Search the listing for the word "sale" and return each line that contains it.

● ● ●

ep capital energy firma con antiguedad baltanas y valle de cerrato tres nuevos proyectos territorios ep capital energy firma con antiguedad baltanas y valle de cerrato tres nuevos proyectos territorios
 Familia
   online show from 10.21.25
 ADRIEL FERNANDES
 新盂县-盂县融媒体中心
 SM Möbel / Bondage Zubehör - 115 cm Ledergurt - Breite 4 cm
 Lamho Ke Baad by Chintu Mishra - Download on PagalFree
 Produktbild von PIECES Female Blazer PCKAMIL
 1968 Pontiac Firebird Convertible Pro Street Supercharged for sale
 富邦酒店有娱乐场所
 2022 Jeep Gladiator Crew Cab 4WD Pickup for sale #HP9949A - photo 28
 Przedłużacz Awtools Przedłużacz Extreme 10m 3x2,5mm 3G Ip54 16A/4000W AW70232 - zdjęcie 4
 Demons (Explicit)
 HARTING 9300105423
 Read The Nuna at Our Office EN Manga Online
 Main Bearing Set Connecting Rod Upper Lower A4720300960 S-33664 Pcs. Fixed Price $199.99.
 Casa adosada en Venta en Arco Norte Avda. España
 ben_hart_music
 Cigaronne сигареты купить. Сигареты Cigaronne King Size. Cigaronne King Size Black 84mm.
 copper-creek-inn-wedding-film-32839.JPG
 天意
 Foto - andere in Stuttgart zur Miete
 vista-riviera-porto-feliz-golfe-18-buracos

● ● ●

> Reply to the task
 1968 Pontiac Firebird Convertible Pro Street Supercharged for sale
 2022 Jeep Gladiator Crew Cab 4WD Pickup for sale #HP9949A - photo 28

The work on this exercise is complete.